Why Scrapping Fuel Tax Credits Would Drill a Hole in Australia's Future
11 February, 2026
There’s renewed debate around the Diesel Fuel Tax Credit Scheme. But here’s the operational reality: For drilling contractors, fuel tax credits are not a subsidy. They’re a correction. As outlined in the latest Australasian Drilling, the Australian Drilling Industry Association (ADIA) has cautioned that abolishing or capping the scheme would have serious consequences for mineral exploration, water security, energy transition projects and regional employment.

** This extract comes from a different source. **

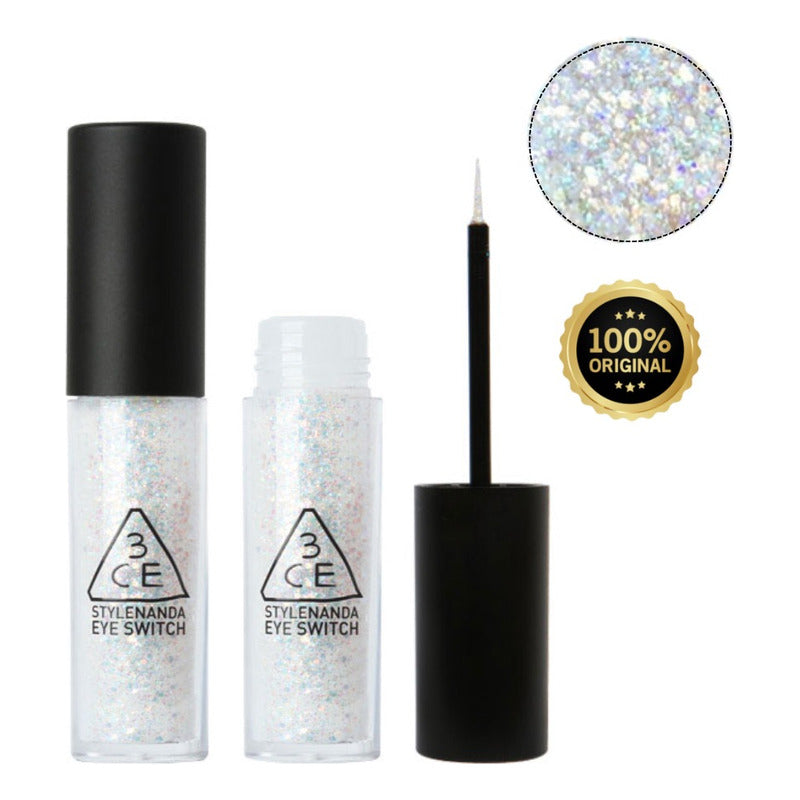 Maquillaje Coreano Glitter Para Ojos Delineador Original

Drilling contractors operate primarily in remote and regional locations — on private leases, mine sites, farms and infrastructure corridors. They pay fuel excise when travelling on public roads. Fuel tax credits apply only to diesel used off-road, where no public road infrastructure is being used.
As ADIA CEO Jeff Miller puts it: “Diesel fuel tax credits aren’t a subsidy — they’re the difference between drilling getting done and projects stalling.”

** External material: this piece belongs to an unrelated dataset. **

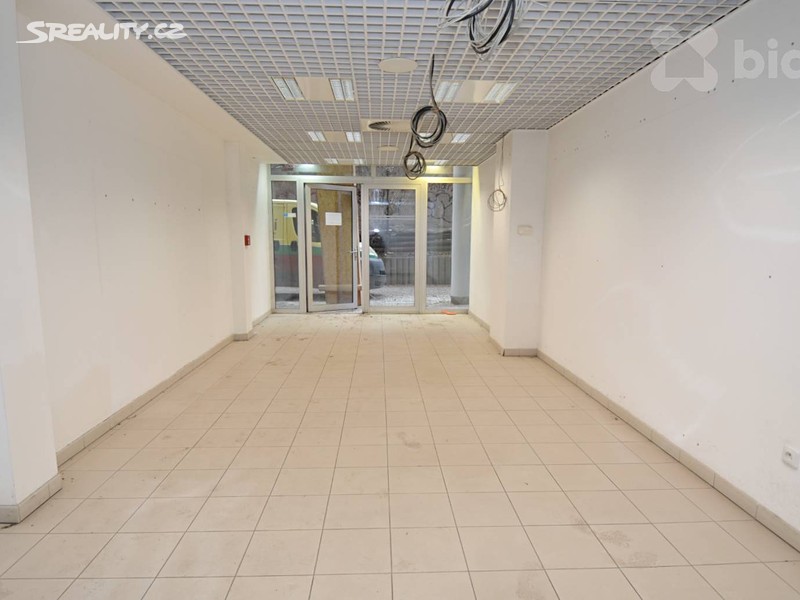 Pronájem obchodního prostoru 43 m², Praha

Drilling is the first link in the supply chain.
- No drilling → no discovery.
- No discovery → no development.
- No development → no critical minerals, no new energy infrastructure, no regional water security.
Blanket changes to the scheme would disproportionately impact small and mid-tier contractors operating on tight margins — particularly in exploration and regional Australia. The industry generates nearly $4 billion in annual revenue, contributes $2.2 billion to GDP, and underpins around $500 billion in economic activity each year. The impact of higher operating costs would be immediate:
- Fewer drilling programs
- Reduced exploration activity
- Weaker investment signals
- Lost regional jobs
- Reduced competitiveness for exploration capital
The drilling sector remains open to future-facing conversations around technology and emissions reduction. But policy must reflect how work is actually carried out in the field — not in theory. If decarbonisation is the goal, it must be grounded in viable alternatives. Until those alternatives exist at scale, fuel tax credits remain a practical mechanism to ensure fairness and enable the work that underpins Australia’s economic and energy future.